国会で何を聞かれても自分たちの観念(安倍政権の場合は、観念というより幼稚でいい加減な、自分たちに都合の理屈だが、)だけを繰り返す、安倍政権の姿がダブる。『民衆の見解なるものは、大体において感情でなり立っているもので、理性の領分は極めて狭い、したがって民衆は、理知的な中途半端なものに無感覚であるが(ここは訳が悪そう意味が通らない)が、暴力には容易に征服される』とも書いている。大衆は強者の勝利を望むとし、弱者に対し滅亡あるいは隷属しか望んでいない、と定義して強者の論理を展開し、大衆掌握に非常なエネルギーを注いで行く。

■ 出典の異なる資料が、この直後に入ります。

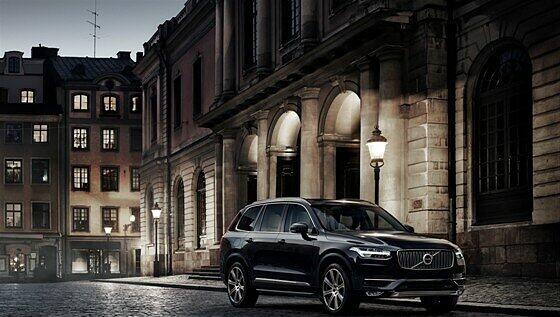 Bietet eine Menge Sicherheit - und ein sehr attraktives Design: Der neue Volvo XC90 ist ein Hingucker. Bietet eine Menge Sicherheit - und ein sehr attraktives Design: Der neue Volvo XC90 ist ein Hingucker.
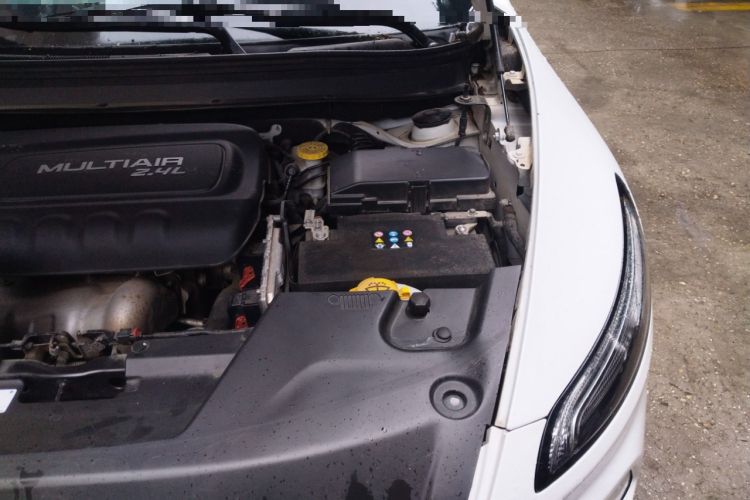 Used Jeep Cherokee 2017 2.4L Leading Edition Engine Bay Left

そして悲しいかな、それは成功を収めるのだ。


民族の血の純潔、優れた肉体、女子は子供を産むためのものベースであり、男女とも、個性は二次的なものとされ、国家のための優秀な国民であることが第一義であるとしている。そして『我々ナチスは大衆の主人でなくてはならない』と書いている。


この人は、チラシのデザインの色の効果にも気を配り、演説のコツ、哀調を交えることから、身振り手振りまで、本当に細かい未来の計画をしている。 読んでいくと粘着質の思考に気分が悪くなる。しかも大きなお世話にユダヤ人日本壊滅陰謀論まで、、、。


この本は大衆掌握の為に愛国ー自国の優位性を声高に叫び人々を鼓舞し独裁を完成、その後の恐怖政治による大衆支配の教科書である。


また今のネトウヨの陰謀論、全体主義者の自国、自民族礼賛、排他、弱者排除思想、差別主義、妄想的共産主義及びシオニズム恐怖症、の原書であり、どのように扱っても、学校教育に活用は無理だ。安倍内閣はここから子供達に何を学ばせたいのか?


ヒットラーの主観で語られた状況、歴史的推移には客観性がなく100万歩譲って、これを教材で取り上げるには、別の角度からの注釈が多数必要で、教育勅語のような、反面教師的な部分での使用であっても、とても困難で、多くの誤解、偏見が生じる可能性のあるトンデモ本の類だ。


ただ、読んでいただければわかるが、今の安倍政権は確実にこの”我が闘争”をマニュアルとしているしとしか思えない。 誰かが読んで、作戦を採用しているのだろうと思う。
思い当たること満載である。”ナチスに学べは”は本当だった。恐ろしい話だ。